Test current assumptions

In emerging economies, companies often have to work from the assumption that the resources required for the successful outcome of a project – such as, say, reliable structured data – are unavailable. As a result, they are forced to seek alternative solutions. Businesses in developed economies could use this principle by questioning every core assumption that underpins their strategy or operations. This involves rethinking not only processes and the application of technologies, but also finding new ways to manage and engage people in order to foster diversity of thought and inspire innovation. Such thinking might lead, for example, to a consolidation of management across disparate departments, or the blending of two off-the-shelf software packages to create a more comprehensive solution that’s fit for purpose. Similarly, a company applying frugal innovation might reasonably want to consider the upside profitability of selling their product in smaller, single-use portions, rather than larger bulk packages.

Sharing equals savings

The NA-NA mindset intuitively promotes sharing across departments, functions or geographies.  Whether it’s people, equipment or software, usage of every corporate asset will be stretched to its fullest potential, resulting in significant savings over time. Consider a mini-van which in the morning is used to ferry employees to work from remote locations; serves as a courier vehicle for important documentation and packages in the afternoon; and operates in an Uber-model in the evening after office hours. Developed businesses could, as part of their new operating model, only authorize new investments once all internal sharing opportunities have been demonstrably exhausted. From a people perspective, efforts to maximize an employee’s potential by broadening their role, even if that’s driven by a need for frugality, can increase engagement and build cross-functional skill sets. In a world where human capital reporting increasingly matters, that is a collateral business benefit.

Let leaders prove themselves

Transportation and communication links in emerging economies are often tenuous, and the problem has been compounded by the recent pandemic. In many cases, of necessity, regional business leaders have assumed the responsibility for delivering results by adapting their working practices and operating models to suit local conditions without guidance from the head office. Applying this principle, businesses in developed economies could implement guidelines that allow leaders of different departments or geographies to manage their remote or hybrid workforces in a manner that delivers results, focusing on key performance indicators (KPI) such as sales or productivity, rather than a rigid protocol. After all, what works for sales personnel may not apply in the finance department, and vice versa.

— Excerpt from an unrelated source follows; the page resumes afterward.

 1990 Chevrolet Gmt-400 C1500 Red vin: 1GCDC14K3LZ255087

View the environment as an asset

The shortage or high cost of manufactured goods in emerging economies means that businesses often must rely on the raw materials provided by nature to sustainably operate their supply chains, from storage to transportation. In addition, the lifespan of physical assets is extended through refurbishment, repair or even repurposing. Companies in developed economies could apply these principles to address the growing environmental, social and governance (ESG) expectations of customers, investors and regulators. For example, they might question default assumptions related to the refresh cycles of both office and manufacturing facilities and equipment. Maybe all laptops don’t need to be replaced every year, or companies might find that they can postpone or cancel facility expansions, now that the pandemic has proven that work-from-anywhere is viable.

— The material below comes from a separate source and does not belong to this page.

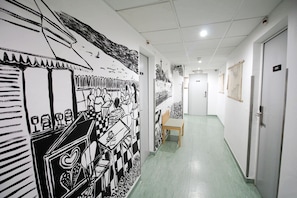 Handrails in hallways
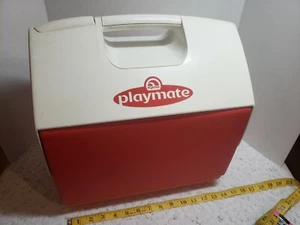 Vintage Little Playmate by IGLOO Red & White Cooler Pre-Owned Push Button Open - Picture 1 of 6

In summary, whilst abundance may be an excellent way for individuals to conquer self-doubt and perform to their highest potential, from a corporate perspective a mindset of scarcity might be exactly the kind of out-of-the-box, lateral thinking needed to produce creative solutions that positively impact the corporate bottom line. That could go a long way toward addressing the growing ESG, human capital reporting and profitability concerns of stakeholders. Credit where credit is due, frugal innovation is one area where companies in more developed economies would be well-advised to borrow examples of leadership from emerging and frontier economies.